Search at Slack | WingNews

[+] subpixel|9 years ago|reply

Slack is great, but it's adoption by popular opensource communities is problematic.

Why? Because opensource communities are on the free plan, which limits search once you have 10k messages. I've had experiences where I wanted to revisit a question I had asked in a Slack channel the previous week, and been unable to find it.

As a result, everyone burns out faster b/c the same questions get asked and answered over, and over.

Couple this with the fact that channels are not indexed by Google and you get a black box where valuable Q&A content and discussion goes to die.

[+] jakebasile|9 years ago|reply

I agree. I am dismayed when I see open source projects using Slack in lieu of IRC or a mailing list. It means I'd be forced to use their awful client (which is slow, buggy, and far too resource intensive for a chat application) or use their awful IRC integration. This is all in addition to the issue you raise of Slack being a black hole beholden to a profit motivated entity.

Just use IRC. It's practically impossible to avoid Slack at any startup now, but I'd love to be able to avoid it in FOSS.
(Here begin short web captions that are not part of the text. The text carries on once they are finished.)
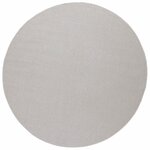vidaXL Tapis de surface Rond HUARTE Crème Ø 120 CM Polyester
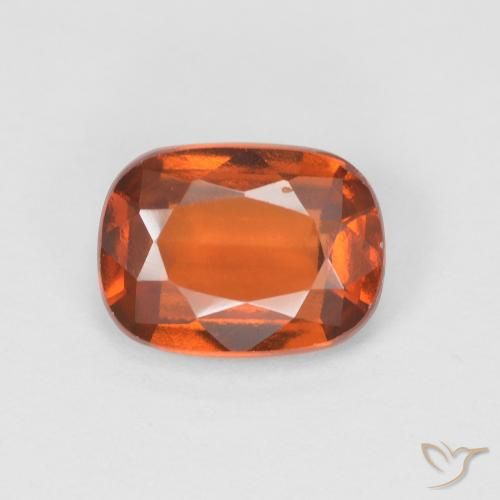 1.58ct Natural Laranja Médio granada hessonita, Almofada, VS-SI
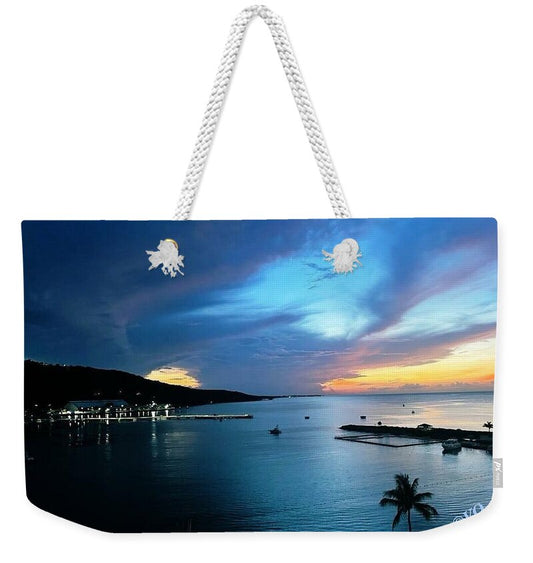 Vibrant Sunset Over Calm Waters - Weekender Tote Bag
[+] austenallred|9 years ago|reply

That's an easy problem to fix http://slackarchive.io/

[+] accountface|9 years ago|reply

Why are people using a chat app like a wiki to begin with

[+] timClicks|9 years ago|reply

It's also problematic in that it chisels away at what it means for a project to be open source. The focus seems to be purely on the software licence, and increasingly less about the wider project tooling.

GitHub and Slack provide a huge amount of utility. But they also feel hollow to me. It feels harder and harder to opt-out of using closed tools.

[+] zanny|9 years ago|reply

What is Matrix / Riot missing today to get these open source communities to start using an open source federated chat room protocol?

[+] jonbaer|9 years ago|reply

The 2 links for UI/UX comparison ... https://support.discordapp.com/hc/en-us/articles/11500046858... https://get.slack.help/hc/en-us/articles/202528808-Searching... ... I think on Discord it is based on the context of what the secondary thing is you are doing outside of chat (gaming - it will show you what game the others are playing - or any app based on file process - which is pretty slick) and on Slack it will be primarily thinking you are at work so it's all about quicker access to files/presentations/etc.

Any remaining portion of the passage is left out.